Friday, January 15, 2021

a moment in the day: post

Just off the phone with my mom, lounging on the bed with Nicholas, giving him a pet, I pick up my cell lying there. Scroll a little.

Now there's a dog nose poking into my scrolling.

"Hey," I say.

I turn the phone toward him and touch where it says, create post. A virtual keyboard rises up.

"Here," I tell him. "Want to post something?"

Nicholas looks at the screen. His nose swipes across the surface.

Monday, January 11, 2021

Book Cover: The Paper Garden

I did a little something different for the book cover design of the short story collection The Paper Garden, coming out soon from 7.13 Books. Here's the introductory description I got from the publisher when I was first contacted about the project:

The short stories in The Paper Garden explore a variety of feminist issues from the darkly humorous perspectives of both children and adult women. Although this is literary fiction, many of the stories employ gothic and speculative elements, and some are re-workings of fairy tales or myths such as Snow White and the Virgin Mary. Others are more contemporary tales of queer romance, mother-daughter relationships, and mental illness.

I loved this description and then when I found out that the paper garden in the title referred to a collage of paper tulips on a wall, I had the idea of a cover full of collaged paper tulips hiding a couple faces rendered in the style of old storybooks. Something where bright colors and cheery objects hid deeper, perhaps magical, perhaps darker, things. And I thought, I'm going to get out my old paints and brushes.

I sketched out and then painted a series of tulips and a few different faces to play with. 

It was a pretty less-than-glamorous process as far as creating art goes. With the tulips I googled pictures of the flowers and then sat in front of my computer with a piece of cardstock (if you must know, it was one of those blank greeting cards you can run through your printer) and sketched them roughly, then painted in layers using acrylic paints. For the faces, I used photographs that I manipulated in Paint Shop Pro, for instance purposefully enlarging the eyes to give them a more fanciful look, and then printed out on paper. I used a light box (OK, I stuck the printouts against the window when the sun was good and bright) to quickly trace the shapes so that I had the proportions I wanted and then continued sketching the faces from there. 

Once I had my paintings ready, I scanned and then took them into Paint Shop Pro to manipulate, refine, and recolor them.

Each tulip had to be cut out of its white background so that it could overlap other tulips and be arranged within the design. Then it was a process of puzzling all the elements together to give the right amount of space to everything, the right balance of color, the right mix of different angles and perspectives of flowers. It's harder than you think. I moved things around and around until I had a couple basic layouts I liked.

While I liked how arresting the large and similarly haunted faces in the first sample were, I preferred the second, where they were smaller, more hidden. I realized, as I puzzled, that I liked having more white space showing between flowers, more breath in the piece. It helped make it look like a scatter of flowers under which text and faces peeked rather than an outline of flowers flanking the faces.

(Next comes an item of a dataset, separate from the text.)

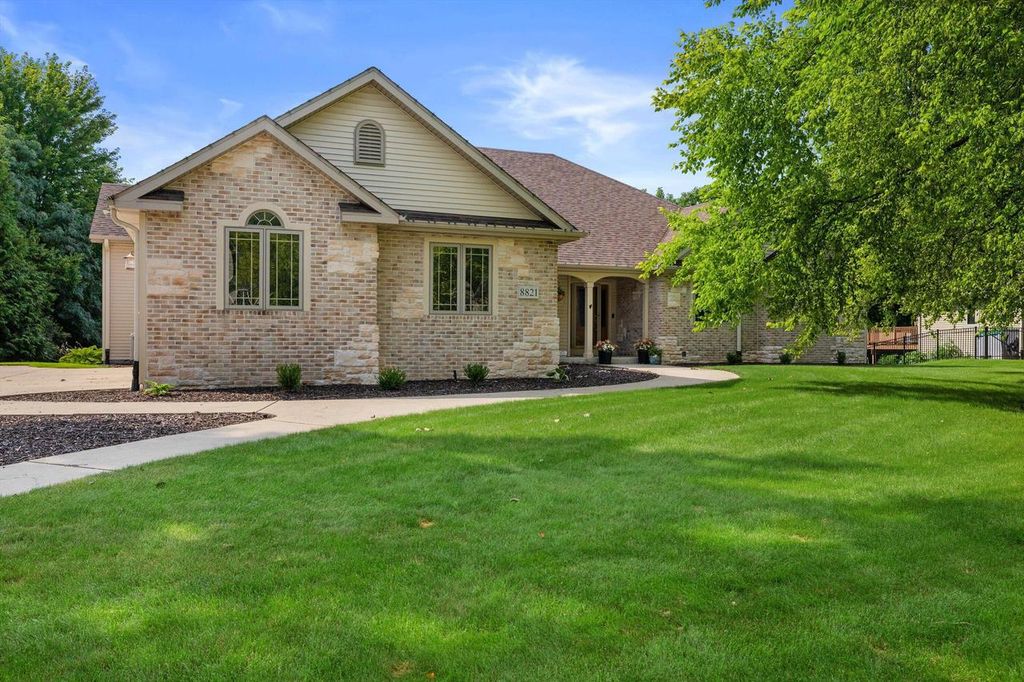 8821 Shadowood TRAIL, Mount Pleasant, WI 53406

I sent my contact at the publisher, and she in turn sent the author, different variations on layout and color scheme and we narrowed things down. They wanted the woman to look a little older. They wanted her to have brown, rather than blue, eyes. They were interested in trying a background color that was less stark, a cream or a pale peach.

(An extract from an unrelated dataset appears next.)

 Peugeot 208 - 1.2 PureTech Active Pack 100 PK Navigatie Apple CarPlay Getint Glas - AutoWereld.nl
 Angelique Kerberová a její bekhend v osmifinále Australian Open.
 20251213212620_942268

Then I needed to add detail to make this look more like an actual collage of paper flowers. I love a lot of different things about design, but one of the things I love most is challenging myself to make something look like something it isn't. Yes, I had started with actual painted images. But then they became digital images. And I needed them to go back to being painted images. On paper. Something cut out and pasted together. Overlapping. Having dimension. 

Each paper flower had to have a shadow. I could have added a drop-shadow effect in Illustrator, but I wanted something that would look more real. So I created a solid shape version of each flower... 

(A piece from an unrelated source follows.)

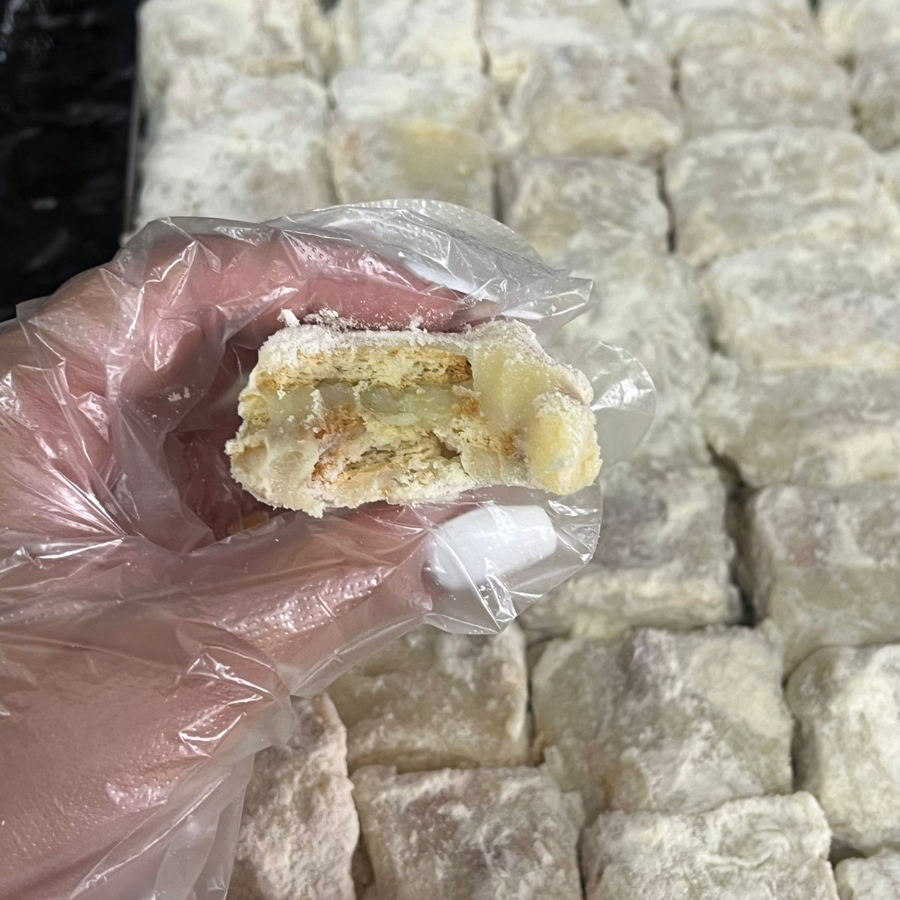 Um doce irresistível: brigadeiro de leite Ninho super cremoso, camadas de bolacha maisena e cobertura delicada de açúcar confeiteiro.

...then turned them all black—a particular black that I thought would work best for my color scheme. I softened their edges by using a simple feathering effect and then I adjusted their opacity so that they became, well, shadows of themselves.

Then I positioned them underneath and just peeking out from under their prospective flowers. There's more to it than that, but that's the general gist. And I added details like a curled paper edge here, a small tear there. White paper-cut edges.

In the end we had to reposition/remove a few flowers to make room for a longer blurb, and then we had a finished design.

The Paper Garden by Caitlin Vance is due out in June of this year. More info on The Paper Garden and other 2021 titles from 7.13 books is here. Here's an excerpt from one of the short stories. Note that though there's art on a wall in this piece, it's different from the paper collage that led to my design concept.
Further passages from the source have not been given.